A new program at SF State helps students see the unique creative possibilities in comics and in themselves
Once upon a time, Superman and his do-gooding imitators weren’t thought of as truly super. These bold men (and women) in tights and the “funny books” that birthed them were dismissed as disposable silliness even as they grew up with the kids that read them, morphing into new and often challenging forms.
Until today, that is. Not only do superheroes dominate pop culture, comics are getting new attention as an artform worthy of respect — and, if you go to SF State, study.
Last year, the University introduced a minor in comics studies through the School of Humanities and Liberal Arts. The program is led by Assistant Professor Nick Sousanis, who isn’t just an expert on comics. He’s a highly regarded creator of them, having won the field’s highest honor, the Eisner Award, for a graphic novel-style biography of a Columbia University librarian that appeared in that school’s alumni magazine.
Launching comics studies at SF State was easier than Sousanis anticipated, he says. Cristina Ruotolo, chair of the School of Humanities and Liberal Studies, immediately grasped how his vision for the program — which would both explore the history of comics and teach students how to create their own — fit the University’s hands-on approach to learning.
“The emphasis is on how you can be part of making comics whoever you are and discovering the use and utility of comics across fields,” Sousanis says.
The program hasn’t just attracted students with an interest in a hot artform. It also caught the eye of an alumna wondering what to do with a treasure trove of classic comics.
Throughout his life, Thomas Bentley Rue compiled a collection that reflected his interests in the military, adventure and travel. Before his death, Rue requested that the comics be donated to an educational institution. When his wife Virginia (Education Credential, ’76) read about the new comics studies program at her alma mater, she reached out in hopes that her husband’s collection could find a new home. Now the Thomas Bentley Rue Platinum & Golden Age Comic Book & Adventure Strips Archive, which includes nearly 1,000 comic books from the late ’30s through the early ’50s, is housed in Special Collections & Archives on the fourth floor of the J. Paul Leonard Library. Anyone interested can peruse the collection — including its copy of the first issue of Superman. (Send an email to eliassen@sfsu.edu to make an appointment.)
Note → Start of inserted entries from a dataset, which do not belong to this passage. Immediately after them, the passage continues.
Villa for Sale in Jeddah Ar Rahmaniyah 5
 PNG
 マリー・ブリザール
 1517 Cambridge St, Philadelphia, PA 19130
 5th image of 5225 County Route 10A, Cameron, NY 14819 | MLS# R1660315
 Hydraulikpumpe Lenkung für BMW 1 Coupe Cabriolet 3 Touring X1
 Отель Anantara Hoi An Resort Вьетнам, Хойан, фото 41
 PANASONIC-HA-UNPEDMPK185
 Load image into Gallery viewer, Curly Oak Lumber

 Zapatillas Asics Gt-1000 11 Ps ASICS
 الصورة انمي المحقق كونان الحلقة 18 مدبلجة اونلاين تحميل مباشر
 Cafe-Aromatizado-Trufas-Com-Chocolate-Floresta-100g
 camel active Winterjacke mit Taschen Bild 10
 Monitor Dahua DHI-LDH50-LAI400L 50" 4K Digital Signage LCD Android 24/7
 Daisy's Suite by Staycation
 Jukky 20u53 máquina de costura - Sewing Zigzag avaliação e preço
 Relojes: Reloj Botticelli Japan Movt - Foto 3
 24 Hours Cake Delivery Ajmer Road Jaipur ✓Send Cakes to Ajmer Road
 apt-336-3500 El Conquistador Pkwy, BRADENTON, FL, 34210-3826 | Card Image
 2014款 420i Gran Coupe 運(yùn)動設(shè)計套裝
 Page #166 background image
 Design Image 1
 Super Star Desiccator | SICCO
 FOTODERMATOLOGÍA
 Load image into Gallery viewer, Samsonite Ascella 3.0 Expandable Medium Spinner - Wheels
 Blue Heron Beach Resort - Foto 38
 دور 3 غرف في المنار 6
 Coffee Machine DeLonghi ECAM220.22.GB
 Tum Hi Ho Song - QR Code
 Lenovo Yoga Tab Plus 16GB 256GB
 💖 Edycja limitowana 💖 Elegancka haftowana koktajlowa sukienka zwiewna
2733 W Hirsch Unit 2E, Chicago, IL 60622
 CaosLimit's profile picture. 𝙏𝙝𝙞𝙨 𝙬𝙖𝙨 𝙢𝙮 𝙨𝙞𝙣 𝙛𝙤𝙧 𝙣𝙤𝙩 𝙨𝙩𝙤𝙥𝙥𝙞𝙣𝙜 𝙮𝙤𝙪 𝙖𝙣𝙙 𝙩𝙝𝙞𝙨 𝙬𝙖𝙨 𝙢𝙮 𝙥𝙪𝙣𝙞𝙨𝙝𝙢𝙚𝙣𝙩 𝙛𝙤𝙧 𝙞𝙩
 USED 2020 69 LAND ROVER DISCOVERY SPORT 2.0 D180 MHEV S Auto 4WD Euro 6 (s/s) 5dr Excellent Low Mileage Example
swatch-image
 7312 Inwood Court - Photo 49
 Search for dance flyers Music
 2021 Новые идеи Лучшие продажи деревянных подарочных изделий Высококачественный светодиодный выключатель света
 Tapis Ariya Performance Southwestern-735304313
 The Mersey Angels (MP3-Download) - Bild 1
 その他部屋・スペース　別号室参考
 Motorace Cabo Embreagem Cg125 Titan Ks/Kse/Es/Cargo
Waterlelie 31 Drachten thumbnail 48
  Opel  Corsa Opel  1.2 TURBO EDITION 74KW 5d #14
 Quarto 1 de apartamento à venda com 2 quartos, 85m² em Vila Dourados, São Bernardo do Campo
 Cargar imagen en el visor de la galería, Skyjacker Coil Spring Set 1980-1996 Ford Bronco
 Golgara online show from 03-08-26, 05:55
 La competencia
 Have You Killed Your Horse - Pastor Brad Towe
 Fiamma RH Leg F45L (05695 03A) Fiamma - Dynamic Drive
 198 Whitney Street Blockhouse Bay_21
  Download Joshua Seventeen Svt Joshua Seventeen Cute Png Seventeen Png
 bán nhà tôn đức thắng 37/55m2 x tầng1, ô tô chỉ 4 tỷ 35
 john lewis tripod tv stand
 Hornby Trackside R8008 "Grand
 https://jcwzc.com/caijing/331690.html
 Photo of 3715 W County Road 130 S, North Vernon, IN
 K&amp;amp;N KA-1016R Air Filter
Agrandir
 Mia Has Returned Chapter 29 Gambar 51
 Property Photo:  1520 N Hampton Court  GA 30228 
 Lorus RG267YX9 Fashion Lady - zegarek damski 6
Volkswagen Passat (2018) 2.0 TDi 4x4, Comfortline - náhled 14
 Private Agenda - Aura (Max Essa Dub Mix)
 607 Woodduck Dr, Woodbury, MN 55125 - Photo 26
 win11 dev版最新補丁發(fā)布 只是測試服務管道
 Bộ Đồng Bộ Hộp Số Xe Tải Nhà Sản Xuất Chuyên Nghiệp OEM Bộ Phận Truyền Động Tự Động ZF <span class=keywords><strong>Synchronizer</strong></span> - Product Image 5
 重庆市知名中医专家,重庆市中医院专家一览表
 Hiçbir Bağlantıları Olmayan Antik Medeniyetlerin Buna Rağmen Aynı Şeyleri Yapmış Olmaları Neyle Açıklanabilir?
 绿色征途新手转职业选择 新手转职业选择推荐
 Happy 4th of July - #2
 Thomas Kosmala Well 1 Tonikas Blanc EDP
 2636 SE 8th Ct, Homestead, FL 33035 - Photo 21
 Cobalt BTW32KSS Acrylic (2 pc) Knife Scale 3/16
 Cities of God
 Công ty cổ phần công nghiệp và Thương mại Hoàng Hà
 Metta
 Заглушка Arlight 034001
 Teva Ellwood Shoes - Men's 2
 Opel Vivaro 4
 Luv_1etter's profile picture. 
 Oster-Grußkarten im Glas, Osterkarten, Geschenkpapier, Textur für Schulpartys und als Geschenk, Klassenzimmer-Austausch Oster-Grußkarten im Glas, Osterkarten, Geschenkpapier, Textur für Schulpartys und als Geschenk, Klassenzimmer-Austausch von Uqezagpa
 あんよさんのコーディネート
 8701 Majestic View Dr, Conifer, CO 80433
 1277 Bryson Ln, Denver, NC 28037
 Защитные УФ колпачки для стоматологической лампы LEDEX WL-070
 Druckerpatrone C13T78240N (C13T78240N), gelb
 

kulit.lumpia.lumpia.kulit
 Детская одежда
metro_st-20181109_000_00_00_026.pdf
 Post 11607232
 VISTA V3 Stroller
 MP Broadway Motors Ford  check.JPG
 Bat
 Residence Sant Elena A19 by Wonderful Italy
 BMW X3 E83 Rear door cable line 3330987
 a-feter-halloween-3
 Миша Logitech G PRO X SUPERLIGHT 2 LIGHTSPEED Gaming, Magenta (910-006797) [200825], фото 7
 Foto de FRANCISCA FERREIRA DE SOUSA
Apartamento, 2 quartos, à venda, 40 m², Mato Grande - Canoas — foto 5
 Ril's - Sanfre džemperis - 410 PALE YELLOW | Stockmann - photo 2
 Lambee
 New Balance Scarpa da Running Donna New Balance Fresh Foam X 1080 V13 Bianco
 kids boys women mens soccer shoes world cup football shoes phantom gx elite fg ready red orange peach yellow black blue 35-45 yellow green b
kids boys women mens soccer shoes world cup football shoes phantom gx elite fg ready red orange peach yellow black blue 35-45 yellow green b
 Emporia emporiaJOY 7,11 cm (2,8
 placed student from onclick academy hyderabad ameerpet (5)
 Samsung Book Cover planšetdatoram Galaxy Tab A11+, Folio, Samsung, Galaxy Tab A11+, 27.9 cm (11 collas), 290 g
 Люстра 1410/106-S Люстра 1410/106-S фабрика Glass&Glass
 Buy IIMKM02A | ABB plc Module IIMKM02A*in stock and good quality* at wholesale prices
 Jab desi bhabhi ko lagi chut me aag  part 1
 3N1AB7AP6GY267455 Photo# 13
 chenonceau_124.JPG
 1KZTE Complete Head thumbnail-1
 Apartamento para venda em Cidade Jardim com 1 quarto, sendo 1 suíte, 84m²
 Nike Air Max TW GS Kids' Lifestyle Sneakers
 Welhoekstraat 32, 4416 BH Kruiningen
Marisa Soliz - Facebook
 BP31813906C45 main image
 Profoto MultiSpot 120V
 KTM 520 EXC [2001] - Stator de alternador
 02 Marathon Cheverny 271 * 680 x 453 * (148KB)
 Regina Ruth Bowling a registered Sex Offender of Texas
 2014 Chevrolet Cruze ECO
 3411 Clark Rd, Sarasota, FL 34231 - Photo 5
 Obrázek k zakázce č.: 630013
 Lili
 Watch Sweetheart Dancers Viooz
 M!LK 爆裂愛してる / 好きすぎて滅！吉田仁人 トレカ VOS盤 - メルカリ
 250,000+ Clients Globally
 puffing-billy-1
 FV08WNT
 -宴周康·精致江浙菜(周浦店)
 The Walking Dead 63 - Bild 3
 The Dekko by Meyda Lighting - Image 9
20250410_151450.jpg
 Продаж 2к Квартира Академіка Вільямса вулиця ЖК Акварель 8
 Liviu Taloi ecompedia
“It’s a varied collection with many potential applications for study,” says Joe Field (B.A., ’78), owner of Concord’s Flying Colors Comics, who appraised the collection. “Rue had great taste in comics, and the collection is going to bring a lot of color to the university.”
It also brings another new way to connect with students who grew up interacting with words and pictures in a more dynamic way thanks to social media and online memes.
“Comics are the perfect bridge between text and visuals,” Field points out. “It’s important to have a program like this because kids growing up now are more likely to be visual learners than previous generations.”
Sousanis says his goal is to show those visual learners that they can become visual creators, opening new avenues of self-expression to people who wouldn’t necessarily think of themselves as “cartoonists.” “It’s about getting people to understand how they can use visuals, drawing and comics to [express] their thinking,” he says.
One such convert to comics is Brixby Larzelier, an SF State student working toward her master’s in geography. Larzelier wasn’t a comic reader until a professor of health geography assigned a memoir in graphic novel form, David Small’s Stitches. “We talked about the spatial aspects of comics and comic-making, and that’s what got me interested in comics and health geography,” says Larzelier.
She then read Unflattening, an award-winning doctoral dissertation in comics form … written by none other than Nick Sousanis when he was working toward his Ed.D. at Teachers College, Columbia University. Now Larzelier is following in his footsteps by doing a portion of her own master’s thesis as a comic book.
Sousanis says that’s what the comics studies program is all about: showing students what they can discover when they begin looking at the interaction of words and pictures in a new way.
“Some will go into jobs in the comics industry. Some will make use of visual notetaking as a new skill,” he says. “And for many, comics will become a new outlet to help make sense of their lives.”